1-Pyrrolidinecarboxylic acid, 2-[5-[4'-[2-[(2S)-1-[(1,1-dimethylethoxy)carbonyl]-2-pyrrolidinyl]-1H-imidazol-5-yl][1,1'-biphenyl]-4-yl]-1H-pyrazol-3-yl]-, 1,1-dimethylethyl ester, (2S)-

Administrative data

Endpoint:

skin sensitisation: in vivo (LLNA)

Type of information:

experimental study

Adequacy of study:

key study

Study period:

July 9th, 2007 to August 9th 2007

Reliability:

1 (reliable without restriction)

Rationale for reliability incl. deficiencies:

other: Done by OECD and GLP standards

Data source

Materials and methods

Test guidelineopen allclose all

GLP compliance:

yes

Type of study:

mouse local lymph node assay (LLNA)

Test material

In vivo test system

Test animals

Species:

mouse

Strain:

CBA

Sex:

female

Details on test animals and environmental conditions:

At the start of the study the mice were in the weight range of 15-23 grams and were 8-12 weeks old. Animals were acclimatised for at least 5 days prior to the study. Free access to mains tap water and food was allowed through out the study. The temperature and relative humidity were set to
achieve limits of 19-25C and 30-70% respectively. The lighting was controlled by a time switch to give 12 hours continuous light and 12 hours of
darkness.

Study design: in vivo (LLNA)

Vehicle:

dimethylformamide

Concentration:

Test material at concentrations of 5%, 10% or 25% w/w.

No. of animals per dose:

3 groups of five animals were treated at each concentration group and a further group of five animals were treated as a control group with
dimethylformamide alone.

Details on study design:

The mice were treated by daily application of 25 μl of the appropriate concentration of the test material to the dorsal surface of each ear for three
consecutive days (Days 1, 2, 3) by using a micropipette whose tip is used to spread the formulation over the dorsal surface of each ear. A further
group of five mice received the vehichle in the same manner. On Day 6 all mice were injected with 250 ul of a phophate buffered saline solution
containing 3H-methyl thymidine (3HTdR ) to the tail vein giving a total of 20 uCi to each mouse. All animals were observed twice daily on Days 1, 2
and 3 and once daily on days 4 ,5, and 6. Any signs of toxicity or ill health were noted. Body weights of each mouse were recorded before dosing and before termination. Five hours after administration of 3HTdR all mice were killed by carbon dioxide asphyxiation and their auricular lymph nodes were excised and a 1 ml of phosphate buffered saline was added to each set of lymph nodes. Preparation of a single cell suspension was completed for the lymph nodes cells for each individual animal following standard procedures. Determination of the 3HTdR incorporation was completed by measuring radioactive disintegration for each animal's lymph node cells by using a beta-scintillation counter.

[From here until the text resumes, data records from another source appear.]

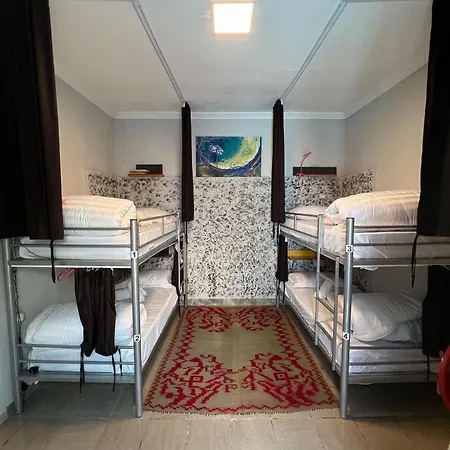 Hoja * Tirana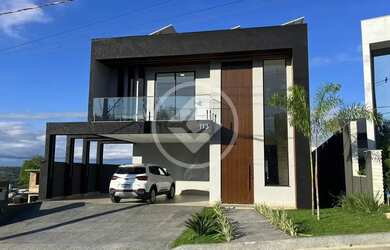 Imagem: A casa em condomínio possui 4 Dormitórios, 2 Banheiros, 5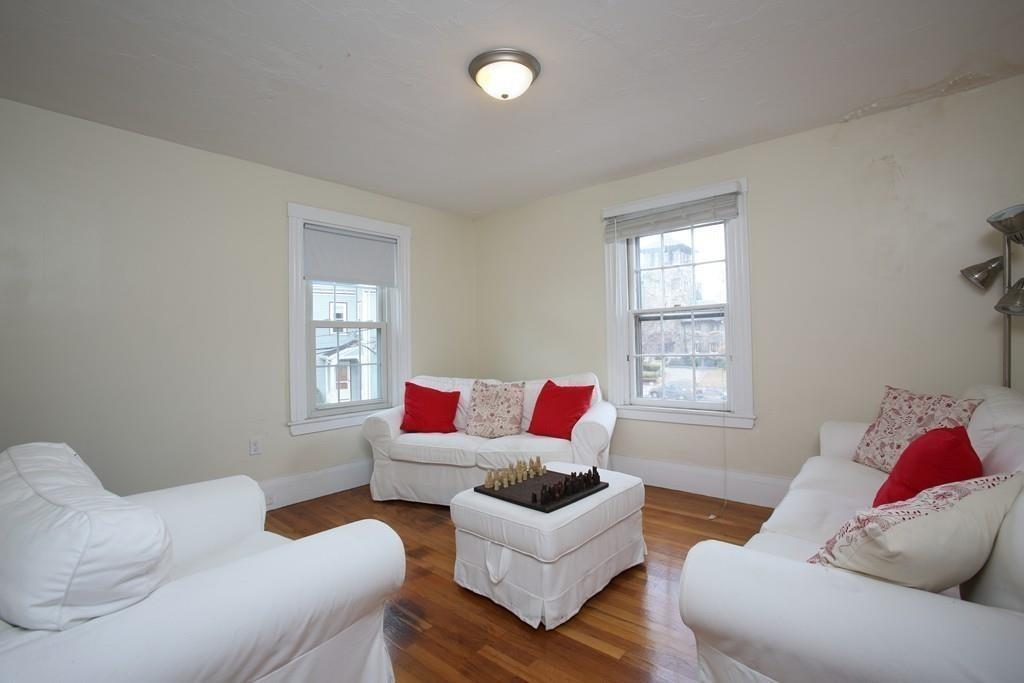 10 Winthrop St - Photo 1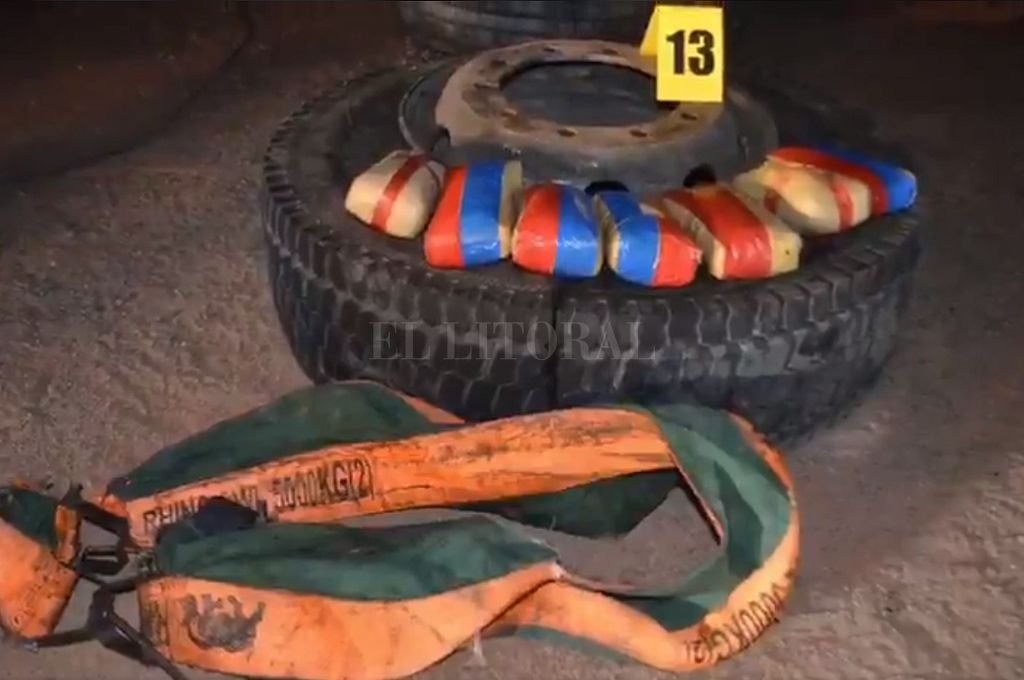 Un can antinarcóticos permitió el secuestro de 273 kilos de cocaína dentro de las cubiertas de un camión | Información General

Positive control substance(s):

hexyl cinnamic aldehyde (CAS No 101-86-0)

Statistics:

Analysis of variance (ANOVA) was carried out on the data followed by Dunnett's test for comparisons made beween the control and treatment groups in the event of a significant result from the ANOVA.

Results and discussion

Positive control results:

Hexylcinnamaldehyde, Tech 85% was considered to be a sensitiser under the conditions of the test.

In vivo (LLNA)

Resultsopen allclose all

Any other information on results incl. tables

There were no deaths. No signs of systemic toxicity were noted in the test or control animals during the test. White residual test material was noted, post dose one to three days after treatment on the ears of animals treated with the test material at a concentration of 10% w/w in dimethyl formamide and post dose on Days 1 and 2 and on Days 3 and 4 in animals treated with the test material at a concentration of 25% w/w in dimethyl formamide.

Applicant's summary and conclusion

Interpretation of results:

not sensitising

Remarks:

Migrated information Criteria used for interpretation of results: EU

Conclusions:

The test material was considered to be a non-sensitiser under the conditions of the test. A stimulation index of less than 3 was recorded for the threeconcentrations of the test material.